I think I saw Ted Cruz climb out my kitten’s ass.

@JNOV: Peg is fine, if you are gentle “_”

@Tommmcatt Can’t Believe He Ate The Whole Thing:
I don’t mind King (at least his earlier work) and as a (failed) writer myself I get why he’d be upset at Kubrick changing his work.

However, The Shining/Shining (Simpsons) is a great creepy standalone horror movie and I think the only Steven King movie worth watching. Most of his other faithful adaptations of his work have been shit (Salem’s Lot was okay.) For example look at the Stephen King directed horrid mess that is Maximum Overdrive if you dare. I personally think that it’s more King’s bruised sore ass ego here as he imagined himself a great horror everything and not just writer but he should really stick to writing. Kubrick’s a master of cinema and visual storytelling (even if he was a perfectionist git at times but give him credit he did not imagine himself a true renaissance man.)

Crackhead Rob is real. Gawker is right and all those Crackhead Rob supporters can go suck a crack pipe.

@ManchuCandidate: As I recall what bothered Stephen King was Nicholson’s performance. One of his goals in the book was to be sure that Jack Torrance seemed safe and mentally stable at the beginning of the book- Kind felt that the movie tipped its hand too early.

@Tommmcatt Can’t Believe He Ate The Whole Thing: :-)

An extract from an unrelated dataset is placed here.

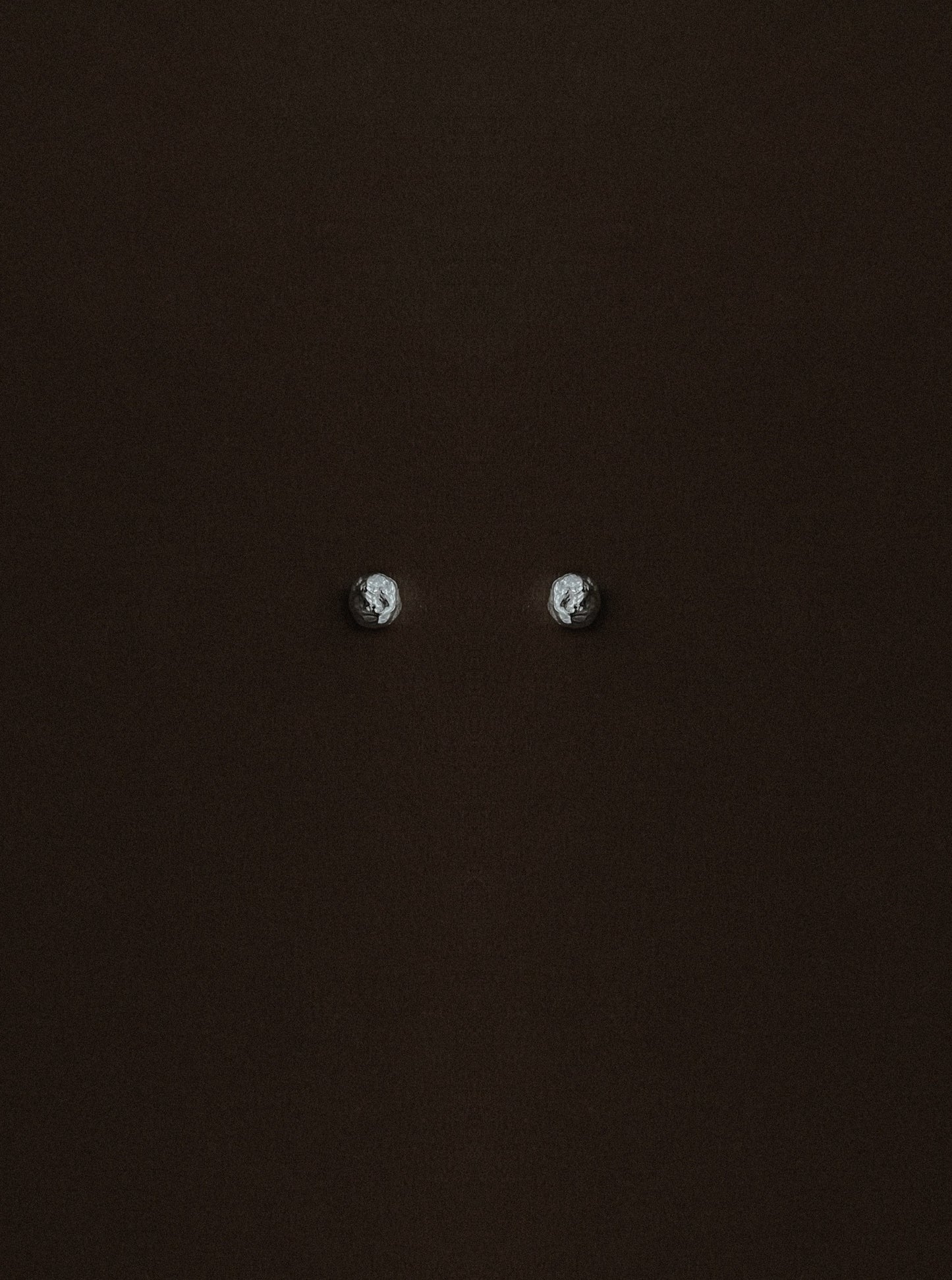 TARA Mini Studs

Sorry, but, yeah. I didn’t realize how sick these kittens were. Today, they purr. And one is wrapped in my shirt so I can type. Boob ledge can come in handy.

TJ/ Off FB. Time sink. etc. Didn’t block you. Have two kittens sleeping on arm. One finger typing. etc.

@Tommmcatt Can’t Believe He Ate The Whole Thing: I’m still on Team Sybil! I just don’t want to deal with FakeBook anymore.

As Wittgenstein once said when his boyfriend dumped him in Parma for the hot waiter in the tight pants: If you’re relying on the supernatural to provide the story you don’t got a story.